Elle leva la tête et au moment où le Serpentard se penchait vers elle pour l'embrasser de lui-même (ce qui n'arrivait pas souvent), James et Yana déboulèrent dans le couloir. Margareth fut prise d'un élan de panique et poussa Albus contre le mur. Qui s'ouvrit, les faisant tomber à l'arrière dans un bruit monstrueux. Une fois par terre, vautrée sur Albus comme sur son lit, elle se retourna pour s'apercevoir que le mur était en fait une porte menant à une salle de classe. Évidemment, les murs ne s'ouvrent pas comme ça.

- Vous allez bien vous deux ? demanda Yana appuyée contre l'encadrement de ladite porte.

- Heu... oui, oui, fit Margareth en se relevant.

- Qu'est-ce que vous fichiez dans ce couloir ? questionna James en plissant les yeux. Tout seul ? ajouta-t-il avec un air inquisiteur.

- On discutait, répondit Albus en se relevant aussi, et vous ?

- Elle essayait de m'éviter et je la poursuivais, fit James avec un grand sourire.
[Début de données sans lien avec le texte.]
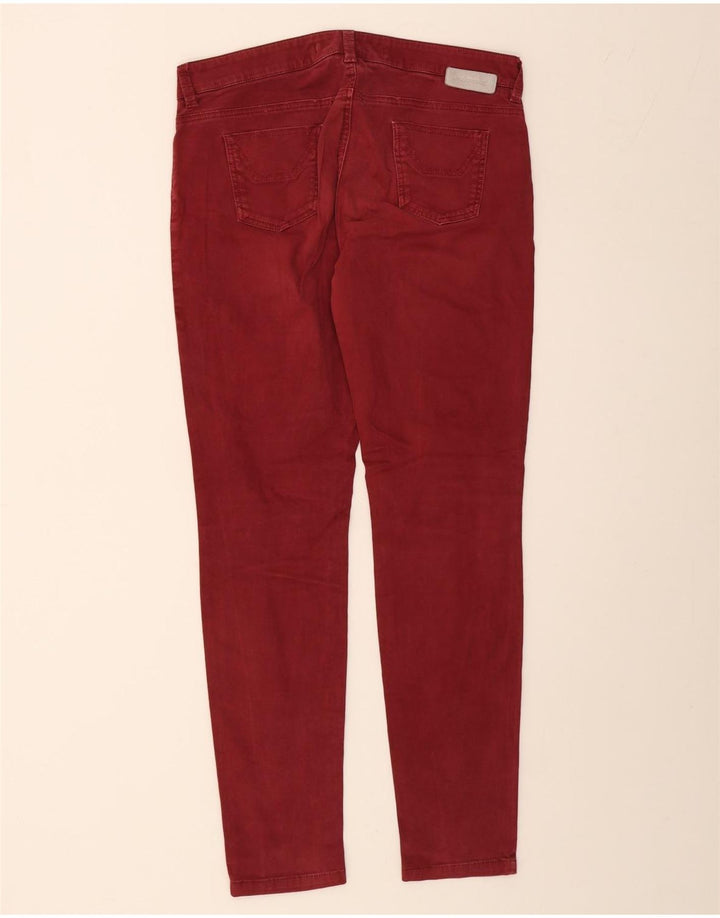 JECKERSON Womens Slim Casual Trousers W32 L29 Red Vintage Jeckerson and Second-Hand Jeckerson from Messina Hembry 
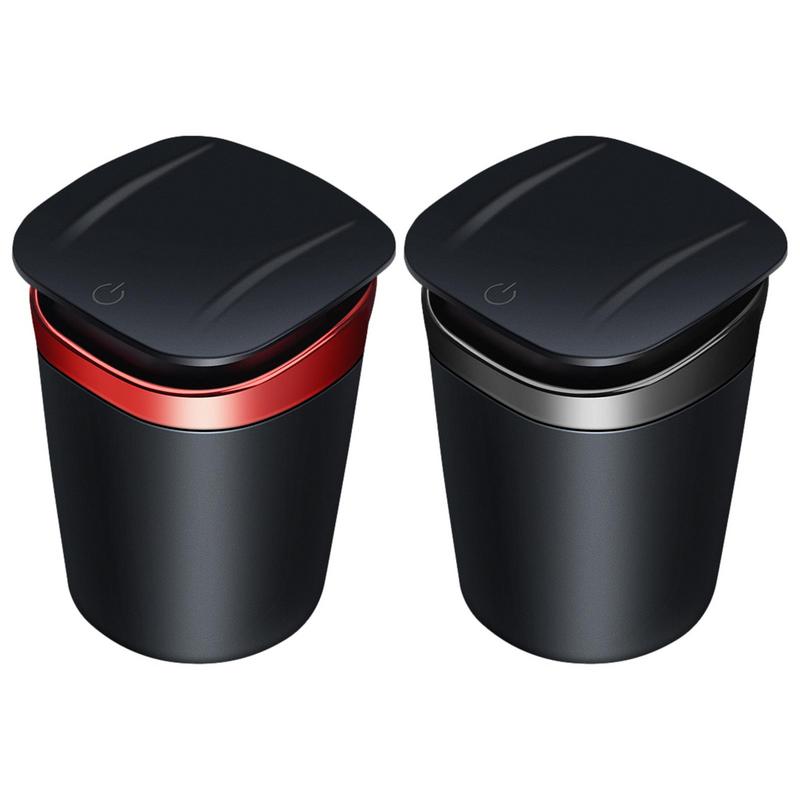 Car Ashtray Portable Mini Car Trash Can Ashtray with LED Blue Light  Long Lasting Heat Resistant Smokeless AshTray Car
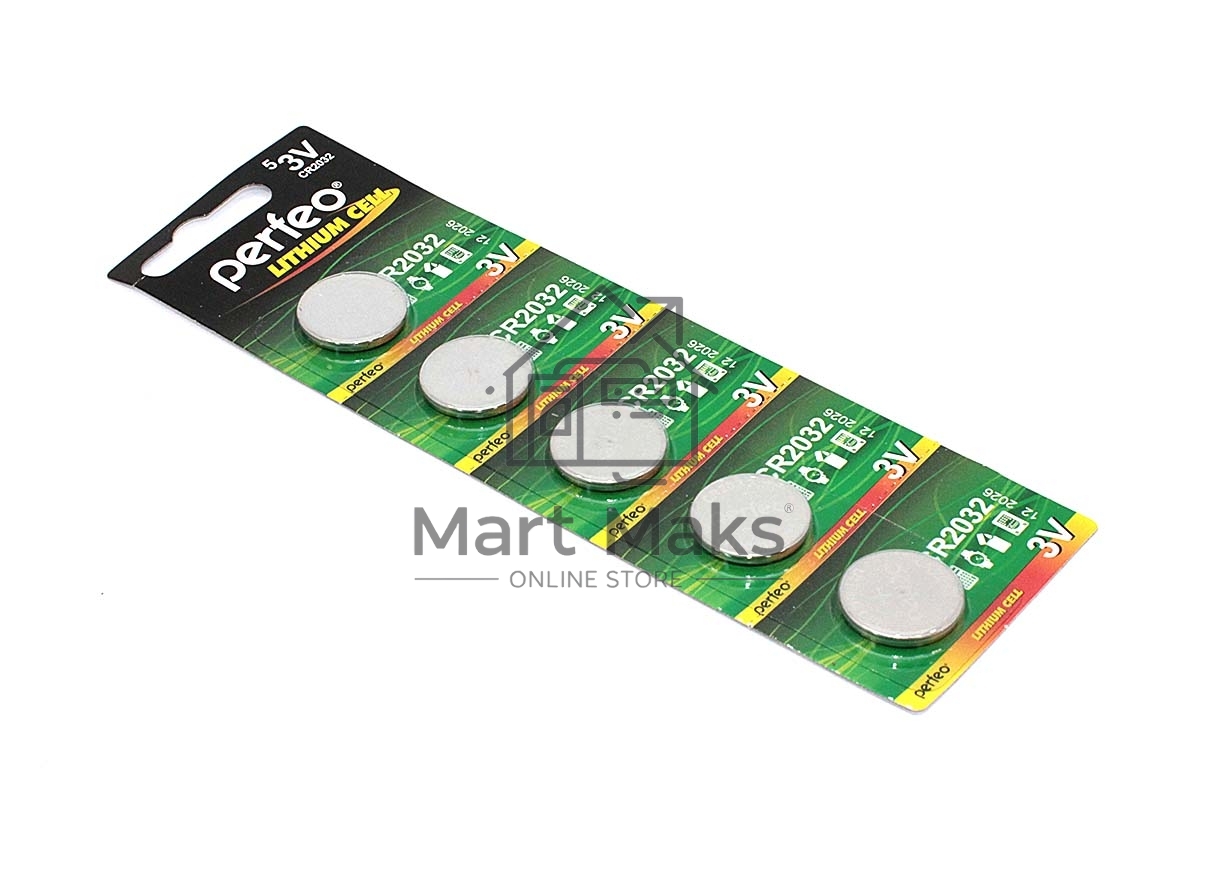 Батарейка CMOS CR2032 5 шт., 3 В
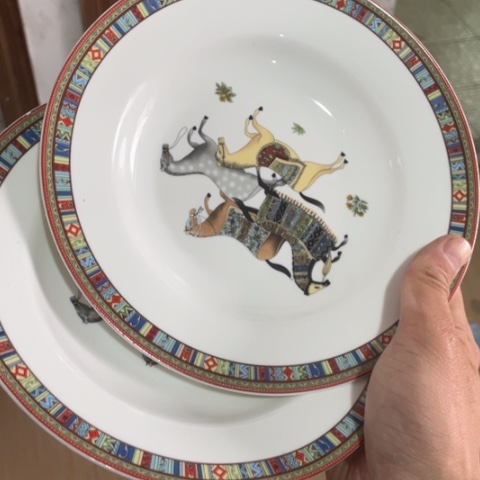 景德镇陶瓷8英寸深盘2个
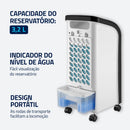 MONDIAL Climatizador Flash Air, Branco/Preto, 80W, 110V - CL-03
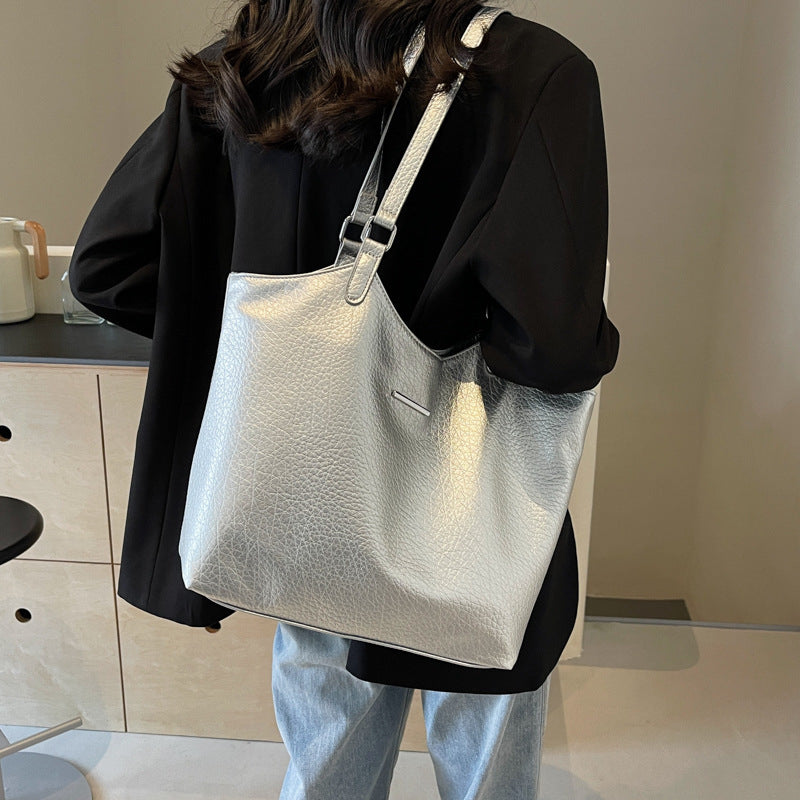 Fashionable Large-capacity One-shoulder Underarm Bag Advanced Sentong Qintut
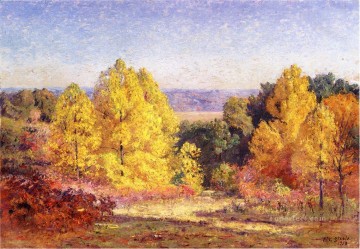  paisajes Pintura al %C3%B3leo - Los álamos paisajes impresionistas de Indiana Theodore Clement Steele bosque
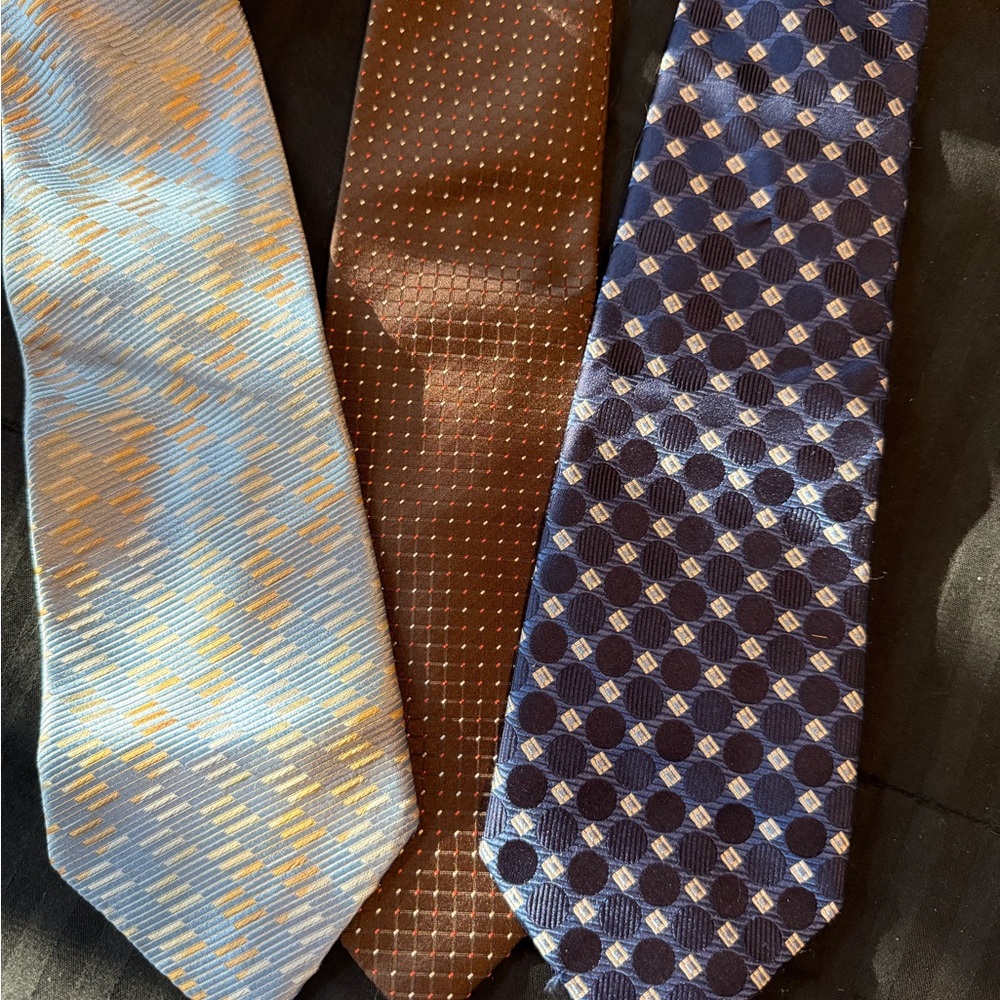 Men’s Neck Tie Lot of 3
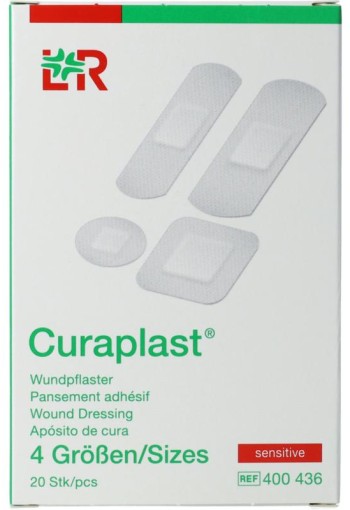 Curaplast Sensitive wondpleister mix (20 st)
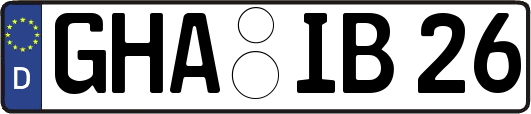 GHA-IB26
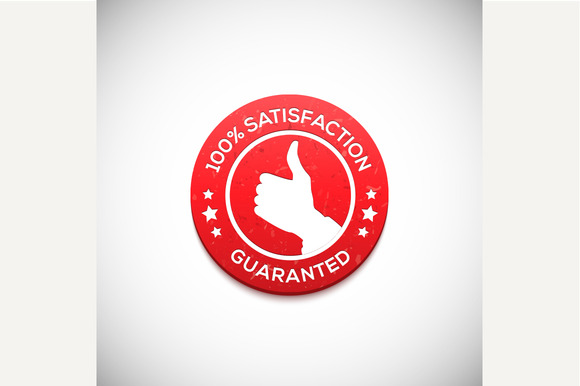 Satisfaction Guaranteed Label Satisfaction Guaranteed Label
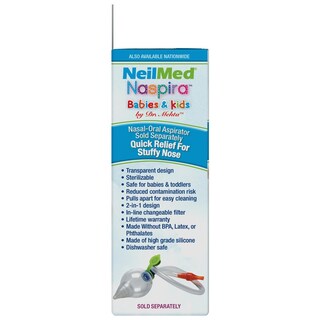Foto 3 | Filtros De Repuesto Naspira Neilmed, 30 Unidades, Color Azul - Venta Internacional.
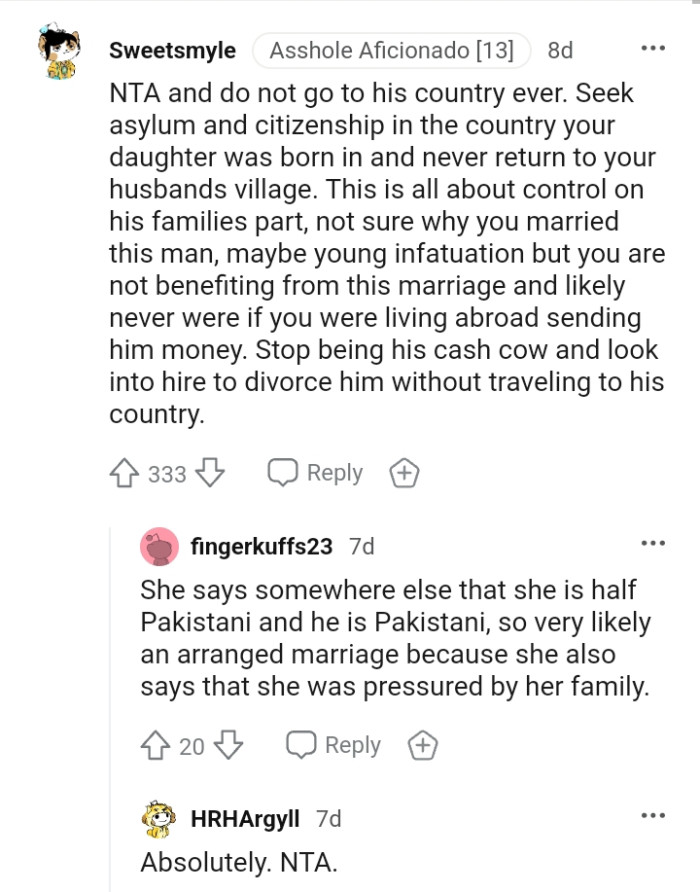 This redditor is not sure why the OP married the man, maybe young infatuation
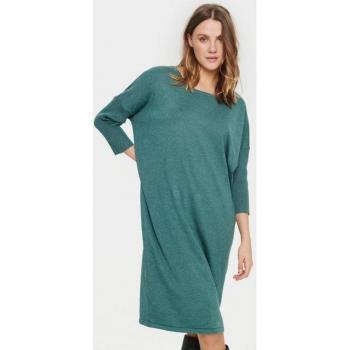 Saint Tropez 3/4 Ärmel Strickkleid „MilaSZ R‑N Dress“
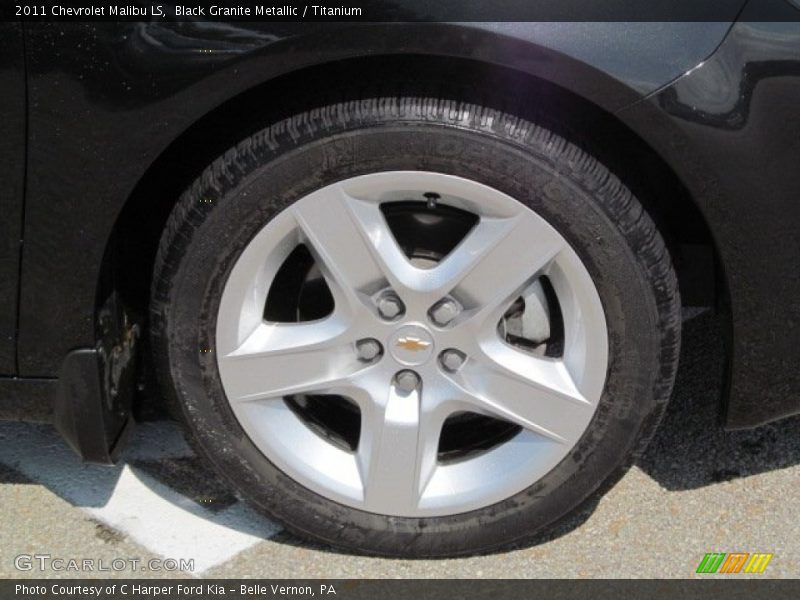 Black Granite Metallic / Titanium 2011 Chevrolet Malibu LS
- La routine, remarqua le Serpentard.

- Exactement, approuva James.

- Bon, pas que vos idioties me gênent mais je dois retourner dans ma salle commune, intervint Yana avec un air d'excuse.

- Hors de question, je crois bien que tu étais sur le point de me dire quelque chose, coupa James avec un sourire sadique.

Yana eut l'air d'avaler un citron de travers.

- Je n'ai jamais rien eu à te dire, Potter, cracha-t-elle en reculant.

Ce qui ne servit à rien puisque le Gryffondor s'enroula autour d'elle avec un sourire de plus en plus effrayant.

- Oh que si, je veux te l'entendre dire, murmura-t-il à son oreille.

Hum, qu'ils le disent s'ils étaient de trop.

- Mais nan Magui, tu ne me gênes ab-so-lu-ment pas ! répondit James avec un clin d'oeil.

Ah, elle avait parlé à voix haute. Depuis le temps que ça ne lui était pas arrivé, il fallait que ce soit maintenant. Sur ce, le Gryffondor s'amusa à mordiller le cou de Yana qui passa du blanc au rouge en un éclair. Heu... Oui, Margareth comprenait aussi pourquoi la brune avait l'air de vouloir se terrer dans un trou de souris, cette situation était horriblement gênante. Autant pour eux que pour elle.

- Moi je crois qu'on va y aller, déclara fortement Albus en se levant d'un bond.

Margareth hocha vivement la tête en abandonnant James à sa séance de torture. Faire ça sous leur nez, James était vraiment quelqu'un de sadique. Ou fou. Ou sans aucun sens du mot "privé". Tout ça à la fois sûrement.

- Aller dis-le, entendit-elle derrière elle.

Ce qui lui fit accélérer le pas.

- Tu n'es qu'un idiot, grommela la voix de Yana.

Aller, elle était presque au bout de ce foutu couloir !

- Dis le, ordonna encore James.

Albus disparaissait déjà derrière l'angle de ce foutu et trop long couloir. Bon sang, elle n'allait pas se mettre à courir si ?!

- Je... Je t'aime, imbécile, lâcha la brune.

Si, elle allait le faire. Margareth détala comme un lapin et atteignit la fin du couloir trop long avec un soupir de soulagement. Cette conversation n'était décidément pas faite pour être entendue. Vraiment pas.

- Magui ? appela Albus.

Elle leva les yeux vers lui qui tirait une tête d'enterrement. Encore.

- Bon, je pense que je ferai mieux de remonter, les filles vont s'inquiéter, marmonna-t-elle.

Albus hocha la tête. Elle s'en voulait un peu de le laisser en plan. Margareth se hissa sur la pointe des pieds pour déposer un minuscule baiser sur sa mâchoire avant de partir. Si seulement James n'avait pas fait ce genre de choses...

- Mais quel crétin, grommela-t-elle en grimpant les marches.